### Your objective
Reproduce word for word the lines of the listing from the first one through the one with "Buffy 100% Eucalyptus", omitting every picture.

-=-=-=-=-

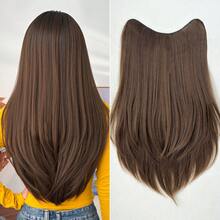 Clip In Hair Extensions V-Shaped Omber 22 Inch Long Straight Hair Heat Resistant Fiber Synthetic Hairpiece For Women Girls Party Daily Use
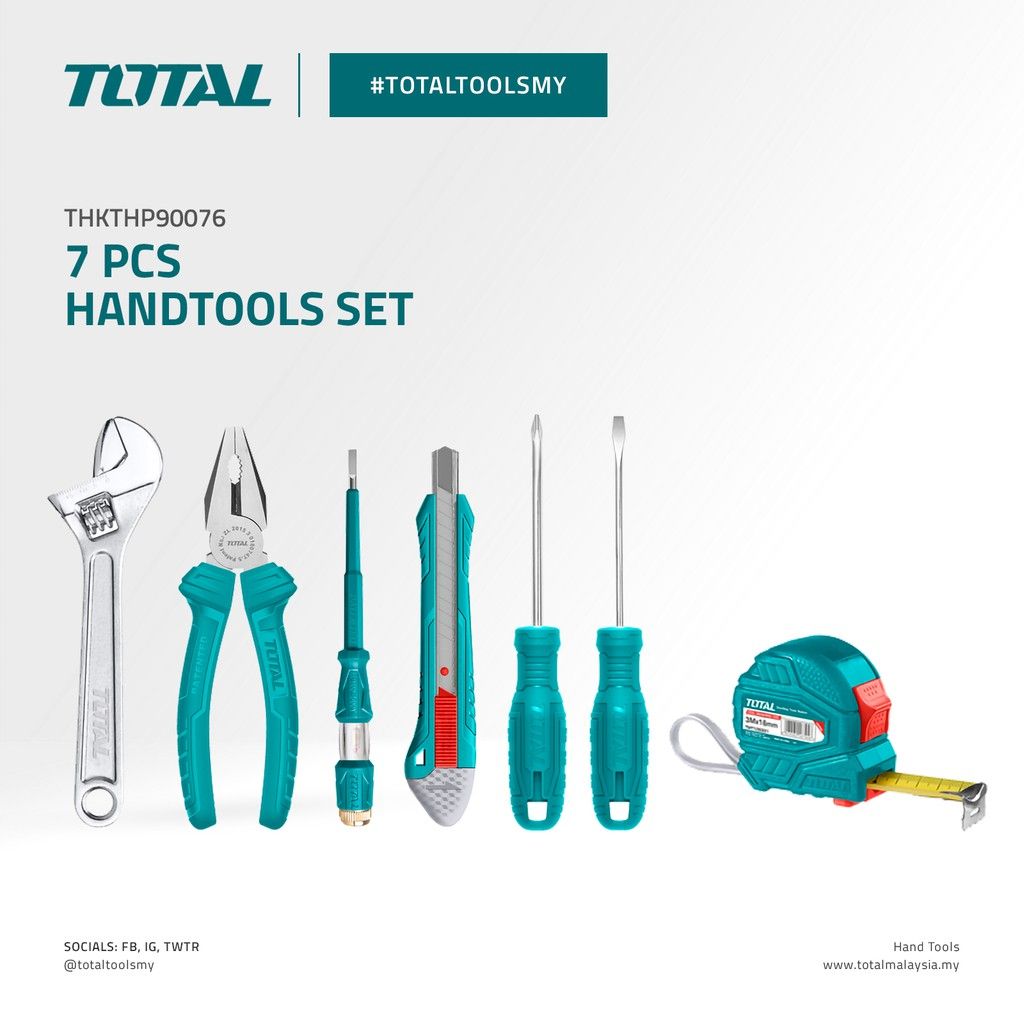TOTAL HANDTOOLS SET WITH PLIERS WRENCH SCREWDRIVER MEASURING TAPE KNIFE & TEST PEN (7 PCS) THKTHP90076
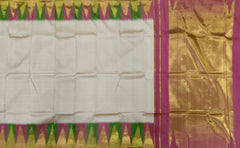 Classic Beige Kanchipuram Silk Saree with Ettukol Seepurek Zari Border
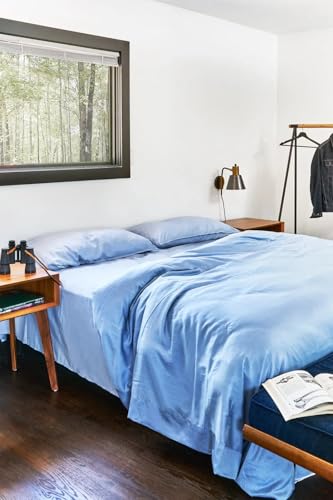 Buffy 100% Eucalyptus Lyocell Duvet Cover King Blue - Silky Soft, Naturally Dyed, Corner Ties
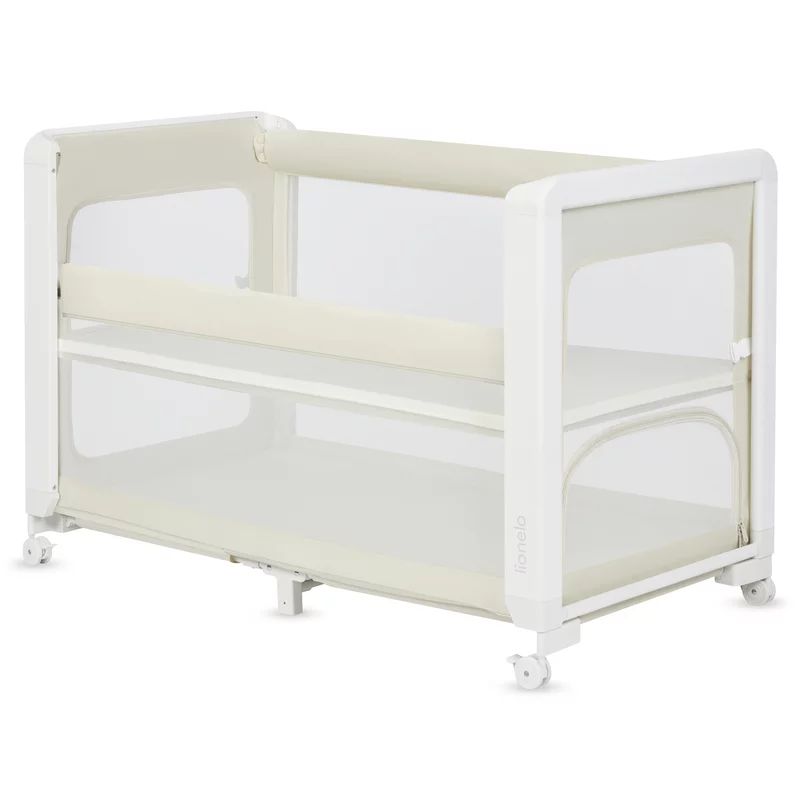 Patut multifunctional, Lionelo, Patty, 5 in 1, 0- 36 luni, Co-sleeper, Tarc de joaca, Patut de calatorie, Laterala rabatabila, 2 trepte reglare saltea, Roti, Husa transport inclusa, Bej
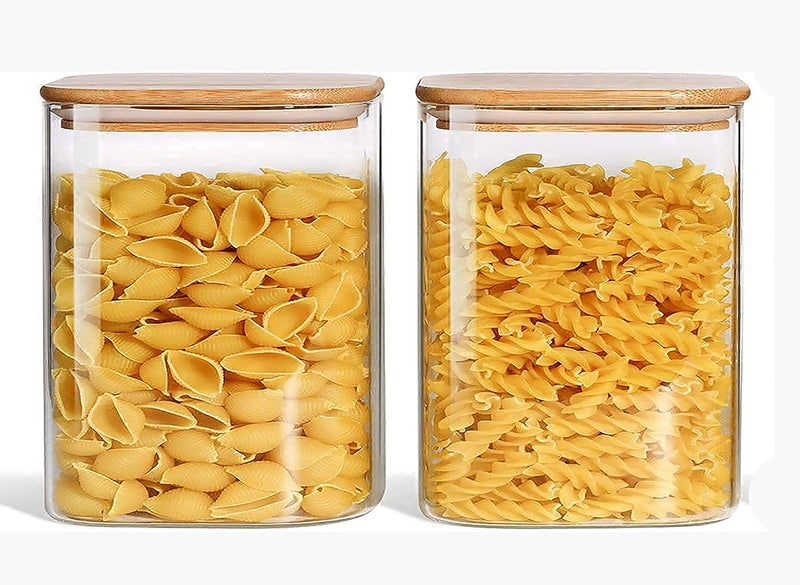 bellemax 750 ML Square Glass Food Storage Containers with Airtight Bamboo Lid, Thickened Coffee Storage Jars for Home Kitchen, Pantry Tea, Spices, Snack (SQ-750ML, Set of 6) - Image 5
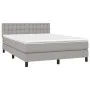 Box spring bed with light gray fabric mattress 140x200 cm by , Beds and slatted bases - Ref: Foro24-3140377, Price: 438,79 €,...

-=-=-=-=-

### Reply to the task
 Clip In Hair Extensions V-Shaped Omber 22 Inch Long Straight Hair Heat Resistant Fiber Synthetic Hairpiece For Women Girls Party Daily Use
TOTAL HANDTOOLS SET WITH PLIERS WRENCH SCREWDRIVER MEASURING TAPE KNIFE & TEST PEN (7 PCS) THKTHP90076
 Classic Beige Kanchipuram Silk Saree with Ettukol Seepurek Zari Border
 Buffy 100% Eucalyptus Lyocell Duvet Cover King Blue - Silky Soft, Naturally Dyed, Corner Ties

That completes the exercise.